Download or read book Literature For Children written by Peter Hunt and published by Routledge. This book was released on 2003-09-02 with total page 222 pages. Available in PDF, EPUB and Kindle. Book excerpt: Children's literature has recently produced a body of criticism with a highly distinctive voice. The book consolidates understanding of this area by including some of the most important essays published in the field in the last five years, demonstrating the links between literary criticism, education, psychology, history and scientific theory.

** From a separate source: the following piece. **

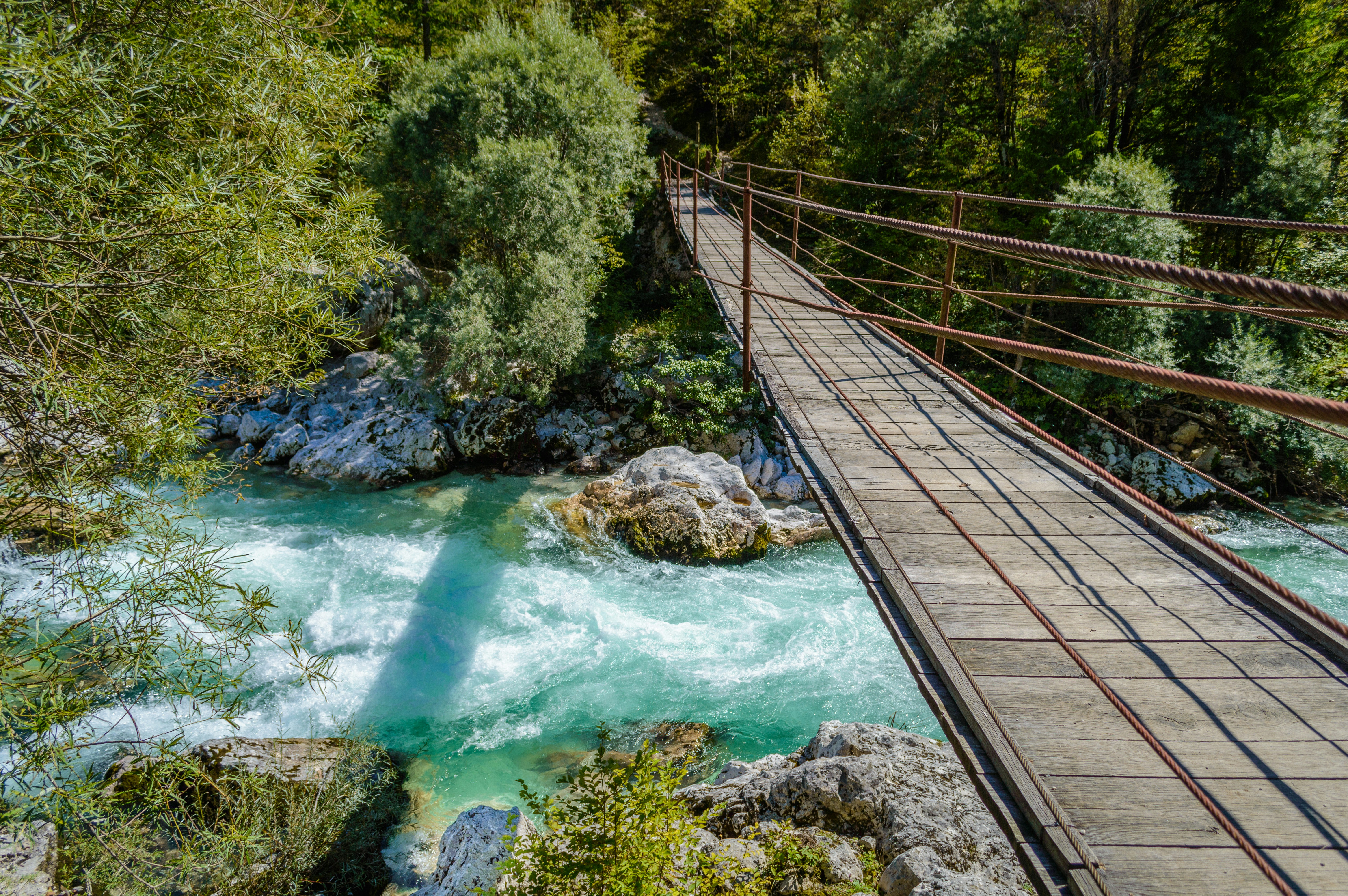 Photo by johnny_slav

It includes Peter Hollindale's award- winning essay on Ideology and Children's Literature, topics from metafiction and post-modernism to fractal geometry, and the examination of texts ranging from picture books to The Wizard of Oz and the the Australian classic Midnite . Sources are as disparate as Signal and the Children's Literature Association Quarterly , and the international community is represented by writers from Britain, the USA, Canada, Australia and Germany. Each essay is set in its critical context by extensive quotation from authoritative articles.